- [Exercise brief]:
From the line that contains "Male Abs Workout" to the final line below, both included, print each line exactly and skip the pictures.

* * * * * * *

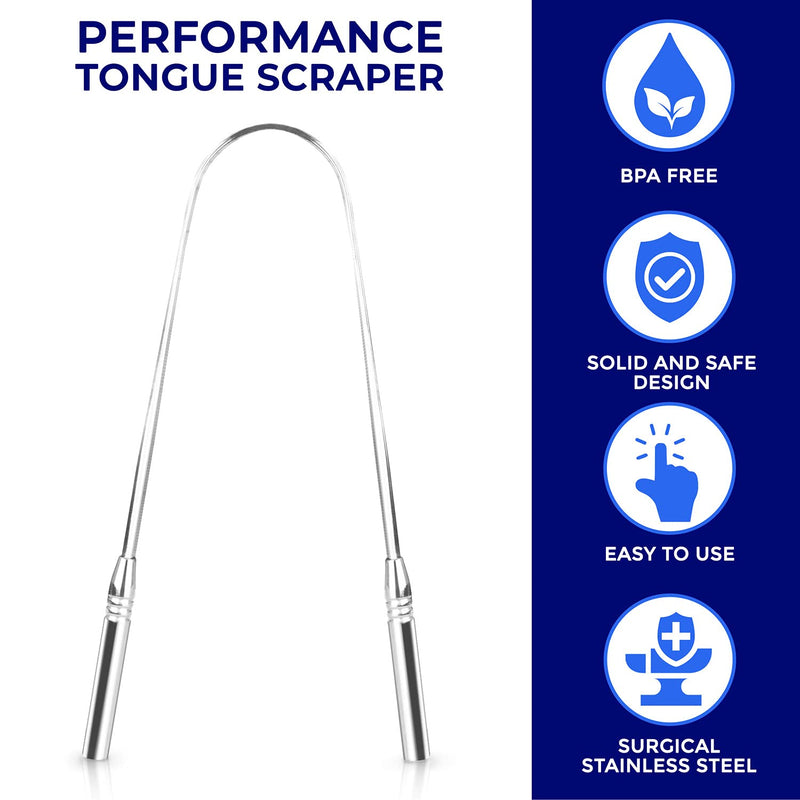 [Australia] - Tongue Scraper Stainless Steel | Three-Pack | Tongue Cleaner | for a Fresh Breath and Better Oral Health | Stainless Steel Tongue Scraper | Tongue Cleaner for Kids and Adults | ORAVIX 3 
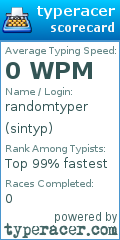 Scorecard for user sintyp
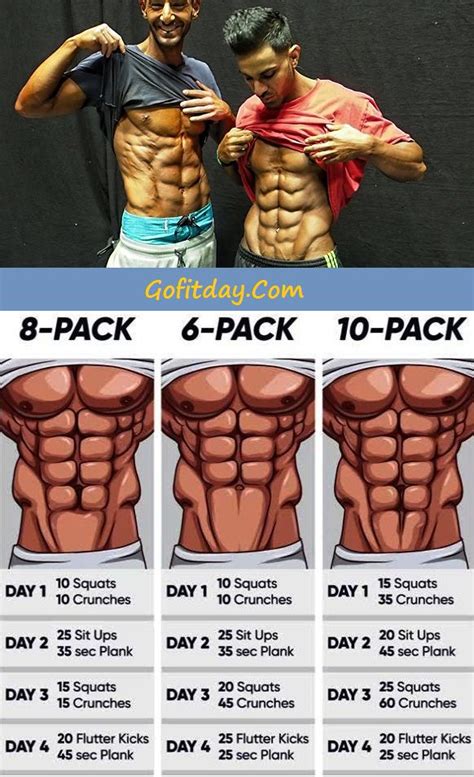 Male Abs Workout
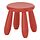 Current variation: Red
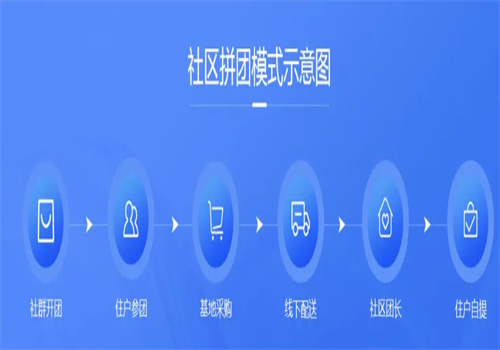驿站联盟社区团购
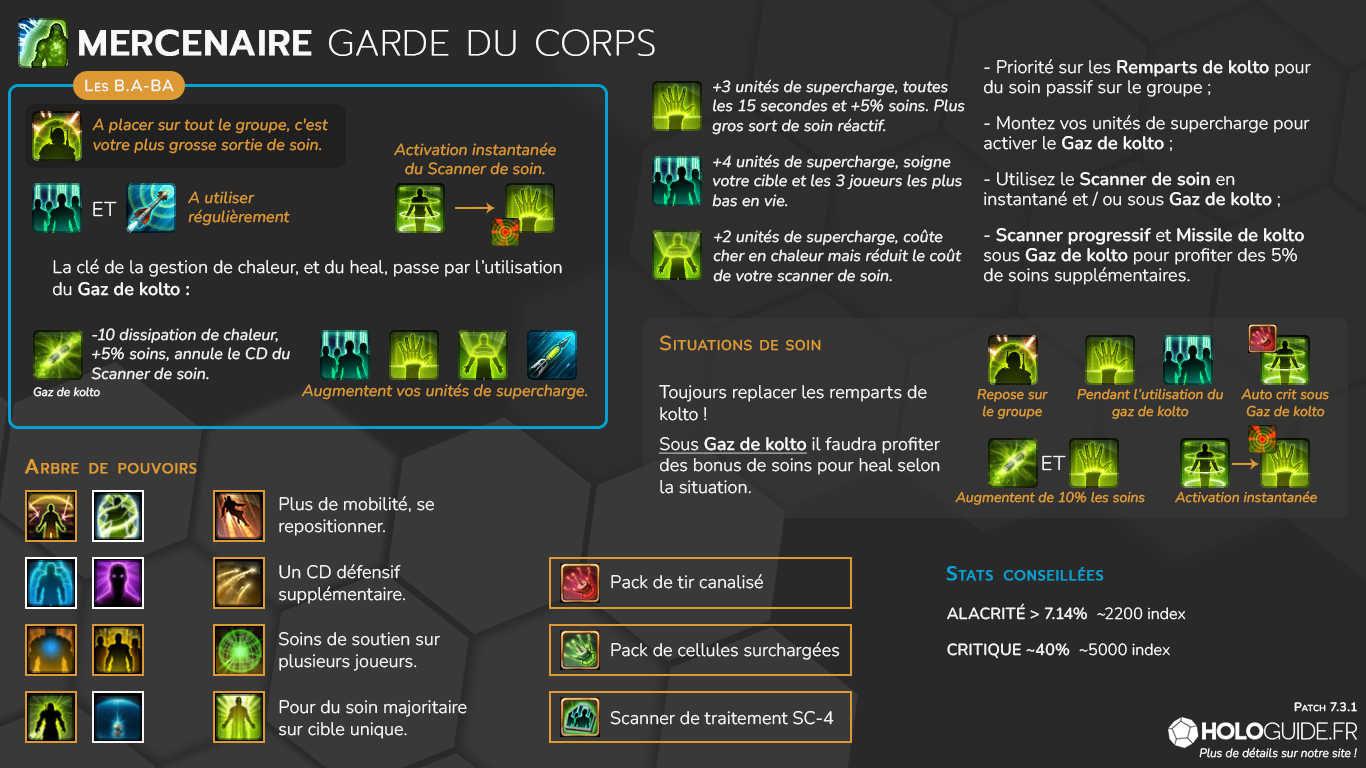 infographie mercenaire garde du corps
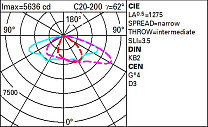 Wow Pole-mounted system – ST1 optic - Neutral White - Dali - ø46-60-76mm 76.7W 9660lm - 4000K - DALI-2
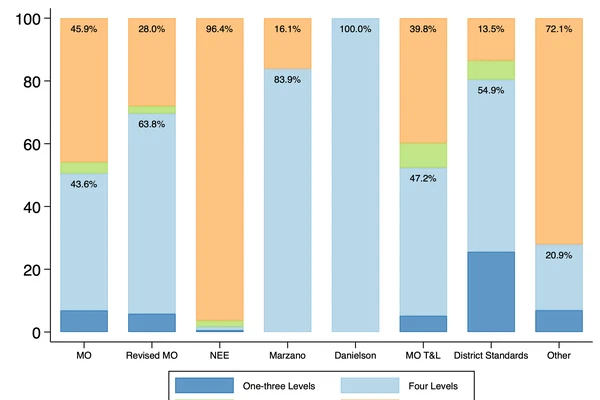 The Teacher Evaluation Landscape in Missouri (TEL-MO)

* * * * * * *

- [Reply to the task]:
 Male Abs Workout
 Current variation: Red
驿站联盟社区团购
 infographie mercenaire garde du corps
 Wow Pole-mounted system – ST1 optic - Neutral White - Dali - ø46-60-76mm 76.7W 9660lm - 4000K - DALI-2
 The Teacher Evaluation Landscape in Missouri (TEL-MO)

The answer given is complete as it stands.